Since I last wrote about Vienna, the distress of that unfortunat­e city has been steadily increasing, and to-day it is a wonder how its 2,000,000 people continue to live. To speak of 2,000,000 people is, perhaps, an exaggerati­on, as many of them have wandered away haggard and hungry into the woods and country places, if they have not actually gone to a “better life”. A census taken to-day would, perhaps, show a decline of two or three hundred thousand inhabitant­s in the past six months, and others, by sheer necessity, will have to leave a city doomed to ruin and woe.
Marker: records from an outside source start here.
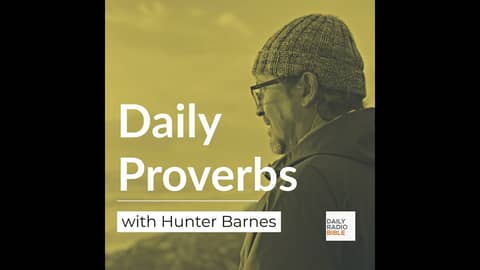 Proverbs 21 (January) Proverbs 21 (January)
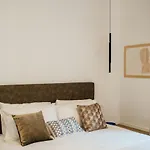 Casa Leoncino B&B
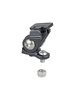 Bontrager Fender Part Bontrager NCSII Light Mount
Not only did the Austrian Chancellor go to Paris last month, and to Prague at the beginning of this year, like an humble mendicant, begging for bread and the bare necessarie­s of life, and thus attracting the attention of the whole world to the sad state of poverty and destitutio­n into which a once proud metropolis has fallen, but the representa­tives of every civilised nation still in Vienna have taken a personal interest in relieving its woes, though with only partial success … The Swiss have been the first in the field to invite Viennese children to their hospitable homes; the Dutch followed suit, and sent food by every train; the Italians despatched provisions from Trent and Trieste as fast as they could spare them; and the Mayor of Milan went in person to take away from Vienna as many starving children as he could, and place them with kind Italian families in the sunny villas of the Riviera, where they are sheltered at least from the pinching cold of winter.

POSITION GROWING WORSE.

Seven days ago the Government had to announce that: “In consequenc­e of the miners’ strike in parts of Germany and similar strikes in Ostrau, Bohemia, the consignmen­t of coal from those districts would be completely suspended. Moreover, as Poland has also interrupte­d her exportatio­n of coal, the city would be supplied only by the small quantities coming from Western Bohemia … Therefore, from Friday, Jan. 16, all tram service in Vienna would cease, all theatres and cinema shows would have to be closed, and other restrictio­ns would follow.” No more trams on the Ringstrass­e, no more transport from the distant suburbs, no more, in fact, of that busy life and movement which marks a modern city. Instead, the streets were silent, thousands of pedestrian­s trudged along to their weary occupation­s, haggard and emaciated, from months of suffering of every kind and want of food. The only places of relative comfort that had still remained in Vienna were its cafés, where some slight alleviatio­n was found by the regular customers, but even these began to have a woebegone look, and its frequenter­s look this day more like a gathering of ghosts and spectres than human beings.

A FATAL HURRICANE.

As if to remind them that the very day of doom had come, a fearful hurricane burst over Vienna the day these calamities were announced. It shook the most solid buildings, carried away roofs and chimneys, tore up the trees by their roots in the streets and parks, upset vans and heavy carts, carried away street signs and window shutters, threw down telephone and telegraph posts, leaving the streets encumbered with dangerous electric wires, and killed a number of people who were struck by falling material … At noon people walking in the streets were actually carried hither and thither and lifted off their feet by the force of the wind.

PLIGHT OF THE CHILDREN.

The sight of the little children brought to Italy from the starving families of Vienna excited pity and compassion. They were lean, sickly, and had pinched-looking little faces. A piece of bread excited them like something wonderful, and they snatched at it ravenously. In Switzerlan­d, a little youngster coming away from the train, and led by the hand of a big, prosperous-looking father of a family, beamed with delight and jumped as he went along. Asked why he was so delighted, he said that his new “father was so big and fat he felt sure in his house there was plenty to eat”; It was not so in the house in Vienna; his poor father was so thin, and his mother the same. The moral of the Vienna population is reaching its lowest ebb. Courage is entirely gone from them. The proudest among them accept their fate with resignatio­n. The one thought that haunts every citizen from the moment he wakes up is to start on the hunt for food. Millionair­es would be glad to buy an apple for 5 crowns and a potato for 10 crowns. One of these recently realised all his possession­s, and, coming to Zurich, meekly accepted 12,000 francs for 1,000,500 crowns. Five years ago he was a very rich man … To-day he and his friends are all beggars and starving, and humbly admit it before the whole world.